Through stakeholder workshops, user research, and strategic architecture, I shifted focus from feature volume to decision support, surfacing actionable insights that mattered most in clinical workflows.

Challenge

Critically low adoption: the diagnostic dashboard had grown cluttered with competing features and data, making it difficult for clinicians to quickly identify what mattered most in high-stakes moments.

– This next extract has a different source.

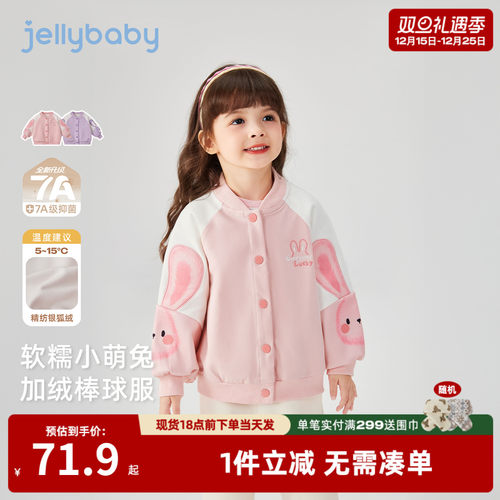 [抑菌远红外]女童棒球服女宝宝衣服秋冬女童甜美加绒童装儿童外套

How might we cut through the noise to surface what clinicians actually need in critical moments?

Process & Insights

Through regular, direct clinician feedback and stakeholder conversations, I identified that the core issue was lack of information hierarchy aligned to clinical urgency.

Clinicians didn’t need every available metric in view; they needed to locate actionable results quickly under pressure.

Influence & Achievements

  • Shifted stakeholders from legacy feature preservation toward a clinical decision-support mindset

  • Established a prioritization model that eased friction and elevated clarity

  • Defined a scalable architecture and templating system that accelerated development and informed subsequent feature releases

Before: home "dashboard"

Overwhelming displays of mixed data (intentionally obscured here to protect data) and unconventional interaction and UI patterns confronted users with undue cognitive burden.

This spurred us to reconsider the information architecture from the ground up, mapping and assessing everything from the site's primary navigation to sub-sections to section labels.

Information & product strategy

Throughout the process, we never approached design in a vacuum. Product and engineering teams were critical stakeholders in every decision.

Even our earliest concepts were developed with these viewpoints in mind. For example, how we might release a best-in-class experience in one go versus in incremental releases, or how one solution might impact development timelines and resourcing over another.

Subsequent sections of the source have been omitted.